Date Formatting..

  • Hi all

    Im trying to get an equivalent function to the oracle TO_CHAR, for example:

    SELECT TO_CHAR(sysdate, 'YYYYMMDD')

    will give me

    20010705

    The datepart function in SQLServer doesnt pad the Month and Day portions, spo this gives me:

    select cast(datepart(yyyy, getdate()) as varchar) + '_' + cast(datepart(mm, getdate()) as varchar) + '_' + cast(datepart(dd, getdate()) as varchar)

    2001_7_5 which is ugly..

    Any easy way out rather than writing up some case statement? perhaps padding based on the len of the returned value (all too much work 😉 )

    Cheers

    Chris


    Chris Kempster
    www.chriskempster.com
    Author of "SQL Server Backup, Recovery & Troubleshooting"
    Author of "SQL Server 2k for the Oracle DBA"
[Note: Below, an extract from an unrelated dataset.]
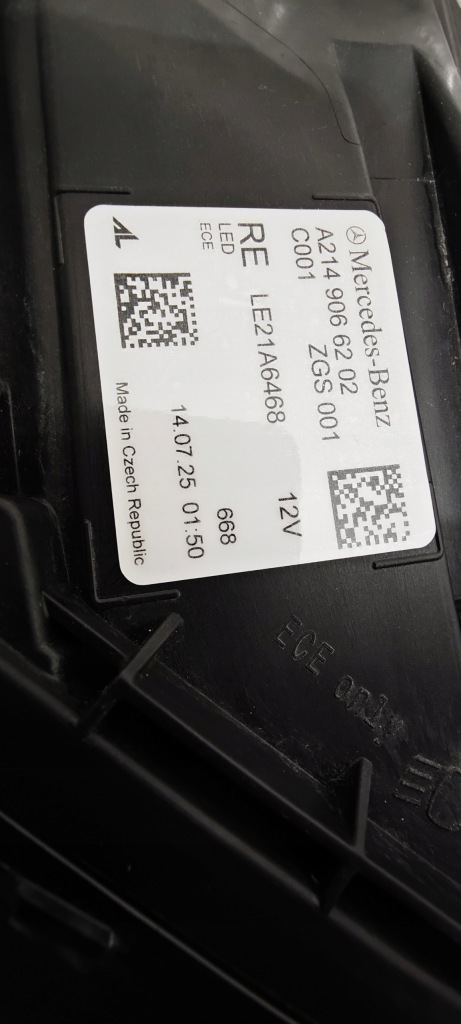 Фара правая  перед mercedes e klasa w214 digital ходовие огни Оригинал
  • Take a look at the convert statement. Using a style of 121 will give you yyyy-dd-dd, just replace out the dashes and you're there.

    Andy

  • This solution from liya_kats is probably the best one. If this is SQL Server 2000, you could convert this to a user-defined function calle to_char and call it anywhere you need to. This would make porting code from Oracle easier. The call would have to include the owner (dbo.to_char) in it.

    Steve Jones

    steve@dkranch.net

  • How about this one:

    select convert(varchar(20), getdate(), 112)

    returns 20010705

    Andy

  • Thanks Guys, clean and simple solution.

    Best Regards

    Chris


    Chris Kempster
    www.chriskempster.com
    Author of "SQL Server Backup, Recovery & Troubleshooting"
    Author of "SQL Server 2k for the Oracle DBA"

  • quote:


    This solution from liya_kats is probably the best one. If this is SQL Server 2000, you could convert this to a user-defined function calle to_char and call it anywhere you need to. This would make porting code from Oracle easier. The call would have to include the owner (dbo.to_char) in it.

    Steve Jones

    steve@dkranch.net


    Plus 1 vote for this approach. UDFs are the best new feature of SS2K after indexed views. Amazing that Access has had them for some time and the "Premier" data base is just now getting around to it.